A public radio commentary

I know it's a cliche to say of an invention that it takes a rocket scientist, but it did take one to bring the squirt gun into the high tech world.

I'm speaking of the Super Soaker - the most popular toy of the 1990s. For those who haven't seen it, it's been described as "a squirt gun on steroids." It holds some two gallons of water, and can drench an opponent up to forty feet away - enough to send anyone crying back to mommy. It was invented by engineer Lonnie Johnson, who worked at NASA's Jet Propulsion Lab. He'd designed, for example, the power supplies for the Galileo space probe.

One day he was experimenting with a new type of refrigerator that used water instead of freon. He hooked a nozzle to a faucet in his bathroom - as he turned on the water it shot across the bathroom, making air currents so strong his shower curtain started to swirl. His first thought, and I quote him here, was "Boy, this would really make the neatest water gun." His key squirt gun insight was to use pressurized air to drive the water through a narrow hole in the nozzle.

"From that point", Johnson said building a high tech squirt gun "was an engineering problem." Where the engineering came in was to come up with a way that "a small kid would be able to pump the gun up to a very high pressure." Johnson went to work in his home workshop.

Using a small hobbyist's lathe, he built a model out of PVC pipe, an empty plastic Coke bottle and plexiglass. Next up was test marketing: He let his daughter, age six, try it out on neighbors. The result: A great success, at least for her. Next Johnson had to interest a manufacturer.

He first approached Daisy Manufacturing, the maker of BB guns, but they passed on his idea after two years of discussion. In 1989 Johnson met with the Larami Corporation. He walked into the meeting, opened his suitcase, and pulled out his prototype of PVC tubing, Plexiglas and plastic soda bottles. A split second later, he fired a giant stream of water across the room. Larami's president had just one word: "Wow!" But would they sell? In the past a squirt gun sold for twenty-nine cents: Would any one pay ten dollars for a squirt gun?

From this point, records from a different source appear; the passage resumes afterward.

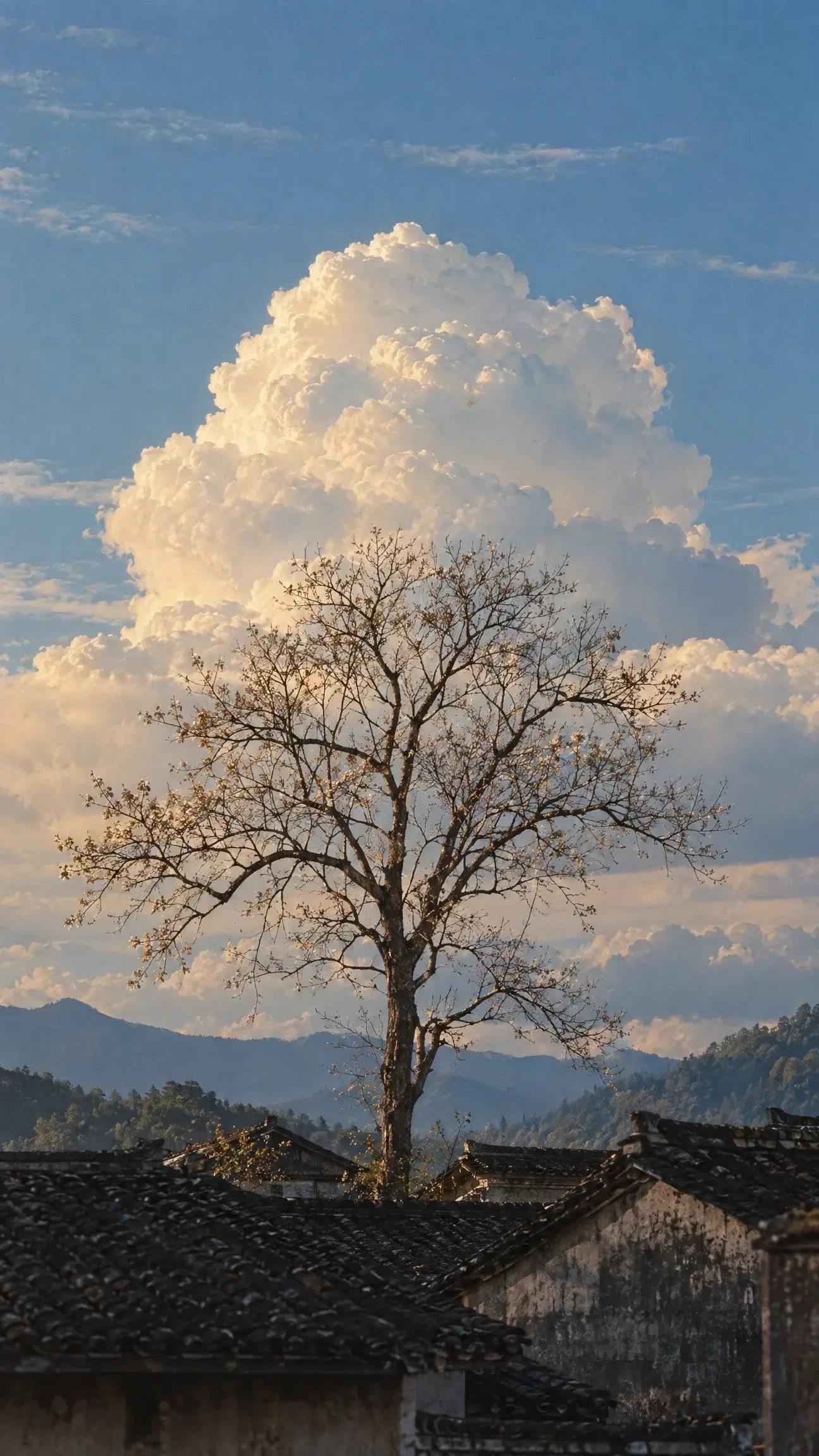 Old Tree Beneath the Clouds - Gallery 3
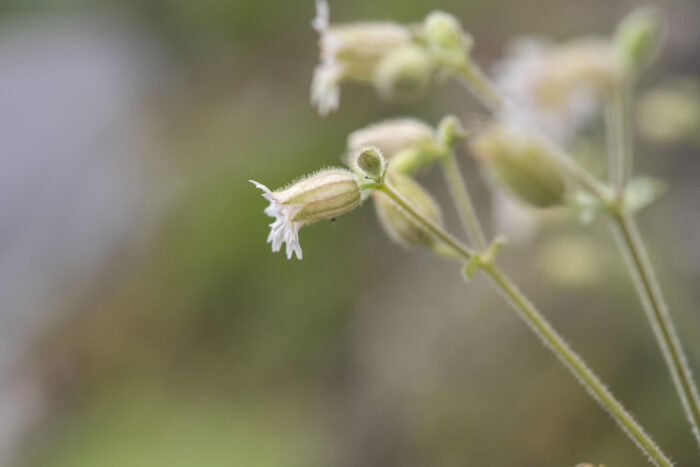 Arunachal plant (Caryophyllaceae)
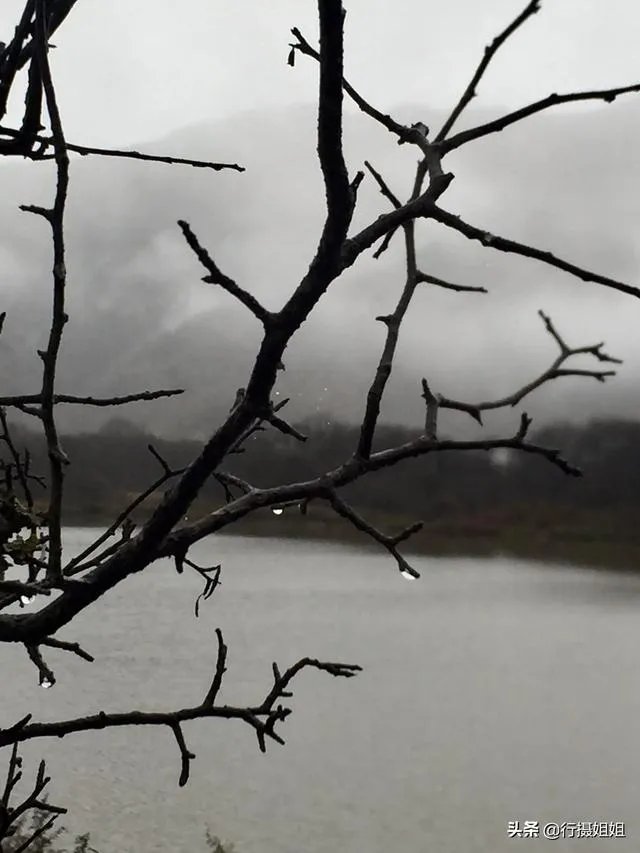 阴雨天如何拍出好照片?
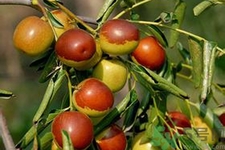 冬棗能泡茶喝嗎？泡茶喝用干冬棗好還是新鮮冬棗好？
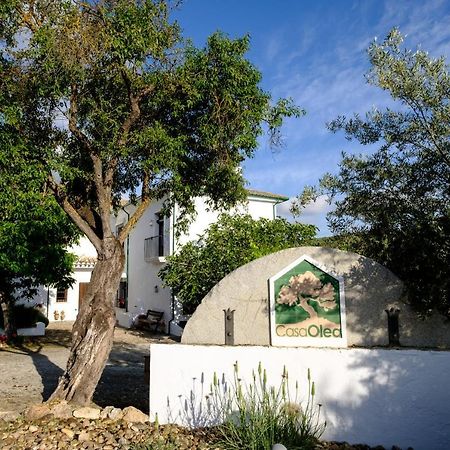 Bed and Breakfast Casa Olea Priego de Córdoba Exterior foto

The first year startled the industry. Sales took off when Johnny Carson on the Tonight Show used a Super Soaker to drench Ed McMahon. A year later, it was the most popular water gun in American retail history - sold not only by toy stores, but by upscale adult stores like Sharper Image. By the late 1990s about 250 million Super Soakers have been sold -- enough for each person in the United States.